Robert's abstract submitted to the Beyond Language 2022 conference has been accepted for a presentation. He will discuss his work wrangling text from Kashubian Wikipedia into a workable source for studying linguistic variation and present a small case study based on this data. The abstract:
Sourcing data from Wikipedia for the study of language contact: the csbwiki
In multilingual contexts, the languages involved are often said to exert influence on each other’s grammatical patterns. The results of language contact – contact-induced language changes – are rarely balanced; these affect the respective languages involved at different rates and in different areas of grammar. Differential rates of cross-linguistic influence are particularly evident in contexts involving historically minoritized languages, where the social context is not conducive to equitable intergroup relations. There is a need to utilize a variety of empirical data types to more thoroughly understand the social and cognitive processes at work in contexts of language contact that lead to language change. Paradoxically, empirical data on minoritized languages is relatively scarce and expensive to generate. But in the digital age we have the ability to look beyond the traditional data types used in language studies, like spoken data gathered under fieldwork conditions, literature, etc.
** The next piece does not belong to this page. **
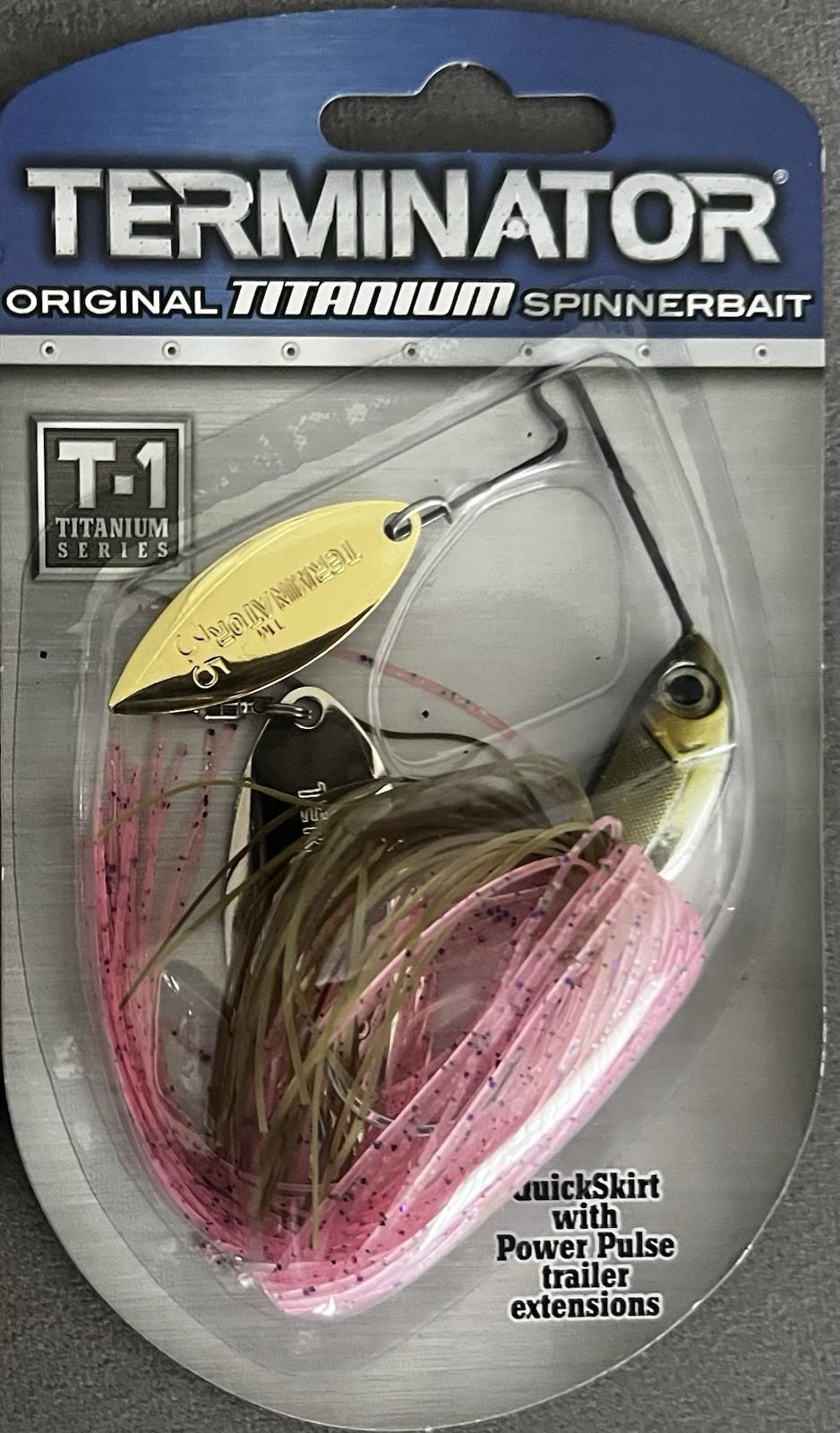 DISCONTINUED TERMINATOR T-1 TITANIUM 3/4 OZ SPINNERBAIT DOUBLE WILLOW - Image 1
With prevalence of internet access and various social media platforms, online user-created content has become an enormous source of data that are readily utilizable for scientific studies. "Wikis" constitute convenient collections of such data, which are “collaboratively edited and managed directly by [their] own audience directly.”1 Wikipedia is a well-known wiki-based site that hosts wikis in 316 languages,2 many of which are understudied and / or historically minoritized. The csbwiki, Kashubian-language Wikipedia is one such collection with 5,426 articles, more than 185,000 edits and more than 15,000 users.3 In this paper, I will first present the theoretical underpinnings and methodology of the project New Speakers of Minority Languages: Proficiency, Variation and Change4 , which aims to empirically assess the relationship between second language acquisition and contact-induced language change. I will then explore the potential utility of user-created wiki data in our specific study of language contact and in studying language contact more generally.